The City of Bellingham’s Shoreline Master Program Hearing is Wed, May 25. Aligned with this important hearing related to water and shoreline rights, there are opportunities for getting informed and involved on the coal export issue also facing Whatcom County. 

Coal Export Strategy Meeting and Poster Making, The Old Foundry, Tuesday, May 24, 5:30

Anything Grows at The Old Foundry 100 E. Maple St. Bellingham would like to offer support in your efforts. We are holding a planning meeting for addressing the coal port implementation. All committed activists and organizations are welcome. We will also be sign making for the protesting outside city hall this wednesday. Anything Grows will be holding monthly events with the goal of raising awareness of the coal port situation and generating community support and direct action. 

Meeting and Public Assembly Wednesday, May 25 at City Hall 210 Lottie St. Bellingham 4:30ish

The public hearing is held in the chambers. From 6:00 PM until the meeting starts there will be a staff person who can answer your questions.  The meeting starts at 7 p.m. We need as many speakers who are fully informed to speak in opposition to the Shoreline Master Plan


The meeting room at city hall is small and can be easily packed. The crowd will probably overflow. We can let our strength be seen. City Hall is behind the City Library. There is an open area between the library and in front of city hall. It can accommodate a lot of people. A street separates the Whatcom County Administration from City Hall. Sidewalks go around the block where the library is, the city hall block and the Whatcom County Building. If people come early [4:30ish] before the workers and elected officials of both the City and Whatcom County go home, they can see our strength.
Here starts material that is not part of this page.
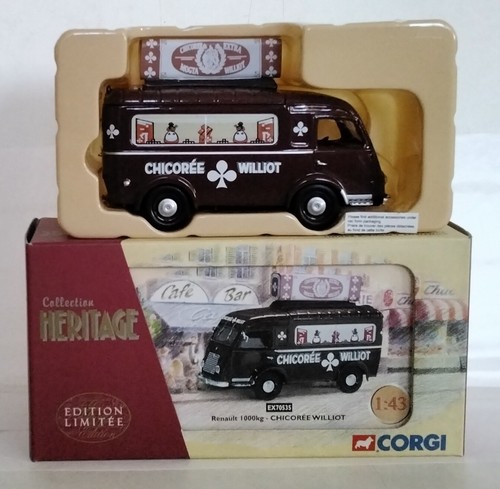 Renault 1000 chicorée - kg,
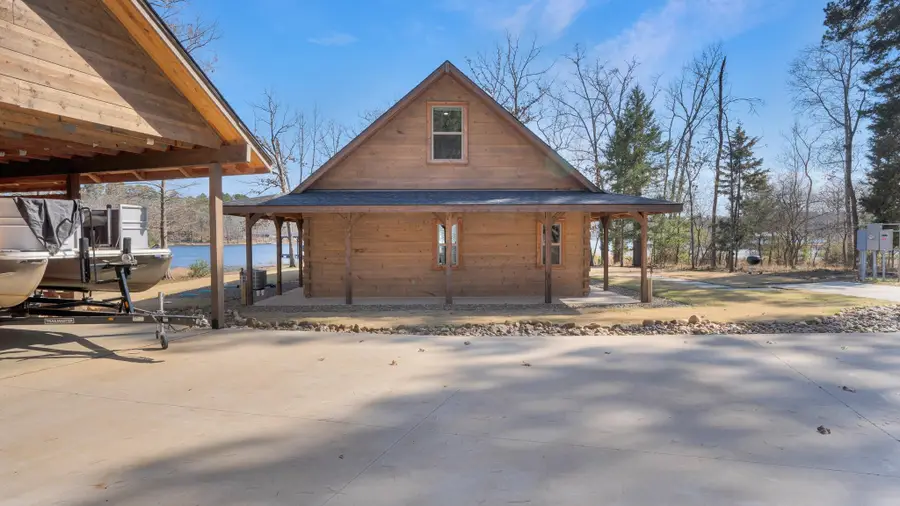 537 County Road 1596, Avinger, TX 75630 - #2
If you would like to speak at the meeting, when you come in you can sign up to speak. You will be given a form.  Please state on this form the City and County you live in. If you sign up to speak and then change your mind it is O.K. The moderator will then pass on to the next speaker.You do not have to speak you can present your letter. The letter will be a record.  This is something that Bellingham will decide but it affects the entire state.  I had a long conversation with Mr. Barry Wenger, Senior Environmental Planner, Washington State Dept. of Ecology concerning problems that we can address.

1. Access to the water: There will be an access problem if the trains come through. This problem will be decided on by the City of Bellingham although it affects the entire state. People in Bellingham can not get to the water if many trains with mile and one half length cars come through. People in the county will have a greater concern because they will have more difficulty getting through Bellingham to get to the water if the trains come through. The people in other cities and counties in Washington will have even greater problems than the Bellingham and County people in getting to the water because they will have a difficult in getting to Bellingham.  Mr. Wenger said that these are problems that the City will need to address. 

2.  Water: This matter is being heard by the Ecology Department. All questions about water problems need to be addressed. This means the water itself and all the things that live in the water.  This will also mean all things that move in the water.

The shoreline is the topic. Everything that is of concern about our shoreline needs to be addressed.

Mr. Wenger was very courteous and polite. His telephone number is 360-715-5200; email bwen461@ecy.wa.gov.   If you email him he will put you on his mailing list. Comments can also be emailed to him. Please feel free to call Pearl Follett at 360-671-0434 or email info@safeguardthesouthfork.org if you have further questions. 

We hope to see you before the meeting and after.  At last we can be heard!